[What the task asks] Given the listing below, write out exactly the lines starting with the line that has "Unit 4 - 98" and going on through the line that has "Foto del edificio", both kept.

[Dataset extract]
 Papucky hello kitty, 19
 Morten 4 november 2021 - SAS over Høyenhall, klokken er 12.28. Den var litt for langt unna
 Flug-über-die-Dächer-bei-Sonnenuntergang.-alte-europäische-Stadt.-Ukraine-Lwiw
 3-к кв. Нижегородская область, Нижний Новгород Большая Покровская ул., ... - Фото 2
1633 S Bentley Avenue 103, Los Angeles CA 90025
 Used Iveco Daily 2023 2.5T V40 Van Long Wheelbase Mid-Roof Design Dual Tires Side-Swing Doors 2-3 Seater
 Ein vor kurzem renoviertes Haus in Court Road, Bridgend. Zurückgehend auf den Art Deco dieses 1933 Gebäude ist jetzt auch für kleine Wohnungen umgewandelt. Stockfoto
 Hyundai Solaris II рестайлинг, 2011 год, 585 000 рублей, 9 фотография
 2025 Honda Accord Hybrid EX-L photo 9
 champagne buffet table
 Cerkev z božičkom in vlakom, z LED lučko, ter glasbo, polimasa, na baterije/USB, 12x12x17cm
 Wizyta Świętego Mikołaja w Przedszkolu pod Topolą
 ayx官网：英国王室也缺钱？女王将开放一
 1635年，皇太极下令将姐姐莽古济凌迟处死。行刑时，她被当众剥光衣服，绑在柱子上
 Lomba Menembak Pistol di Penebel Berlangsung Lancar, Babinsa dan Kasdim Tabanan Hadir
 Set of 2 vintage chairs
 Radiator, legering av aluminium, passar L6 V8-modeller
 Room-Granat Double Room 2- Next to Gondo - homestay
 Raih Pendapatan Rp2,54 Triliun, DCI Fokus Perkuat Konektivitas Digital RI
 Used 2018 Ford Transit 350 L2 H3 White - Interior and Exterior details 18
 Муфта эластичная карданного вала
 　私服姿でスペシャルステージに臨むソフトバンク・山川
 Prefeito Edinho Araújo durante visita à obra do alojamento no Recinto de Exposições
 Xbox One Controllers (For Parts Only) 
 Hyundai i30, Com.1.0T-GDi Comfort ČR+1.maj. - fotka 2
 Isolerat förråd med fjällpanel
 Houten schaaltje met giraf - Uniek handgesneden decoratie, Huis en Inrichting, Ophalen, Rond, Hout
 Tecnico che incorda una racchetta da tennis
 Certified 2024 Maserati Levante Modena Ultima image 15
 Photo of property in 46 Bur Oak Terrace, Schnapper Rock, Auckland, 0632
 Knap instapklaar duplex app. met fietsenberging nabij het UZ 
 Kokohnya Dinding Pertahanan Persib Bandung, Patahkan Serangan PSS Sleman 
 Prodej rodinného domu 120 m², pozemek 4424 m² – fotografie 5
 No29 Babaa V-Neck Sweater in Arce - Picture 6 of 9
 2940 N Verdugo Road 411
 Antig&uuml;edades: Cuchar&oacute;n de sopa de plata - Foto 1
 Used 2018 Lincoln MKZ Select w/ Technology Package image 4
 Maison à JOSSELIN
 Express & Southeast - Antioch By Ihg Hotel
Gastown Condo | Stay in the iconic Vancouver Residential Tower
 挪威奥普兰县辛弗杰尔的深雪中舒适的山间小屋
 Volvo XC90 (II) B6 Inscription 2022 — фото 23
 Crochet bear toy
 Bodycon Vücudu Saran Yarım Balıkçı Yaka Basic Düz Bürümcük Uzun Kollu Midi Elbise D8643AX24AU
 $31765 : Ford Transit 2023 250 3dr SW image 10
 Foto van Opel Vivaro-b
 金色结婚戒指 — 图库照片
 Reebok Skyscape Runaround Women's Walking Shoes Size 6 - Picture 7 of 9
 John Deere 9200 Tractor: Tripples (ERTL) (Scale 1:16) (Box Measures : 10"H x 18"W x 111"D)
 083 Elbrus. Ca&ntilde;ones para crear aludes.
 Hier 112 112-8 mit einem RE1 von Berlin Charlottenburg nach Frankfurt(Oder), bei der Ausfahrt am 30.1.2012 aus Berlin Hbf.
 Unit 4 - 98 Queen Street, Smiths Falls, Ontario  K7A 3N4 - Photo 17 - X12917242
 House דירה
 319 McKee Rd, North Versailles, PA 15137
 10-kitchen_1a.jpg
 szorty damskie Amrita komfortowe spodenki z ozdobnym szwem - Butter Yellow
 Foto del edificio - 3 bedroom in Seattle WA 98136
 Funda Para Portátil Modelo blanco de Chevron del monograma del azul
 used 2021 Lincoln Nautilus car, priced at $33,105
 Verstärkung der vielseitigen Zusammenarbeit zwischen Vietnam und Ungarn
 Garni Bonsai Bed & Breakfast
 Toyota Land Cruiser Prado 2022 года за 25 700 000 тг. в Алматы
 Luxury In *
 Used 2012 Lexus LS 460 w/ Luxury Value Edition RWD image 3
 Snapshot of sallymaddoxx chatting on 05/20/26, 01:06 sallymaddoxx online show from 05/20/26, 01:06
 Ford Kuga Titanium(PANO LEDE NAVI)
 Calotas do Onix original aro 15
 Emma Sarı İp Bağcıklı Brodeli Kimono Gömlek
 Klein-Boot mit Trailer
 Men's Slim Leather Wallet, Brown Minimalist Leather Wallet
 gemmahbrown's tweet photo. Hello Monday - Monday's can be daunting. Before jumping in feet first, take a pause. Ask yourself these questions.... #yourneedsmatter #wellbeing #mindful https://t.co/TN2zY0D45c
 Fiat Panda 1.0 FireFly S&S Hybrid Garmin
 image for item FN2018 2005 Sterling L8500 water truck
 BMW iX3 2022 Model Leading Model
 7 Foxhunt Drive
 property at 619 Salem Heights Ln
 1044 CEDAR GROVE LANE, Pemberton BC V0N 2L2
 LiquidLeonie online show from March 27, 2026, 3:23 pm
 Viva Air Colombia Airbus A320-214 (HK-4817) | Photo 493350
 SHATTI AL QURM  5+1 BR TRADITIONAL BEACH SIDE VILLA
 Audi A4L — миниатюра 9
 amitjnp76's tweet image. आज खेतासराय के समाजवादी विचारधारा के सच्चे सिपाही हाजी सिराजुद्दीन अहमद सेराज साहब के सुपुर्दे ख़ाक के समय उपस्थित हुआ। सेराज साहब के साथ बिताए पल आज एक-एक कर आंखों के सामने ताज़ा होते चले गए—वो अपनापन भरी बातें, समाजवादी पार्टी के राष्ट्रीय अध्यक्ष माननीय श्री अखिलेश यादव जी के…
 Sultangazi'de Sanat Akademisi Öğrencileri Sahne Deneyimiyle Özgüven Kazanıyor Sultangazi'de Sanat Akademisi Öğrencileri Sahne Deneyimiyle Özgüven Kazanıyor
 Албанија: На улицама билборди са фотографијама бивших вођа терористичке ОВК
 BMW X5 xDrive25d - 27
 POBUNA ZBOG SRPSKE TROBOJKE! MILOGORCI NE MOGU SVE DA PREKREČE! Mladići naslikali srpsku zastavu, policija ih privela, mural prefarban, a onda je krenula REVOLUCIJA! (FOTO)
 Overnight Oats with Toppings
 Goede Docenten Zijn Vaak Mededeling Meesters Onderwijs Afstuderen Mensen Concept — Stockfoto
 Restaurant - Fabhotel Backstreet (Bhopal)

[Result of the exercise]
 Unit 4 - 98 Queen Street, Smiths Falls, Ontario  K7A 3N4 - Photo 17 - X12917242
 House דירה
 319 McKee Rd, North Versailles, PA 15137
 10-kitchen_1a.jpg
 szorty damskie Amrita komfortowe spodenki z ozdobnym szwem - Butter Yellow
 Foto del edificio - 3 bedroom in Seattle WA 98136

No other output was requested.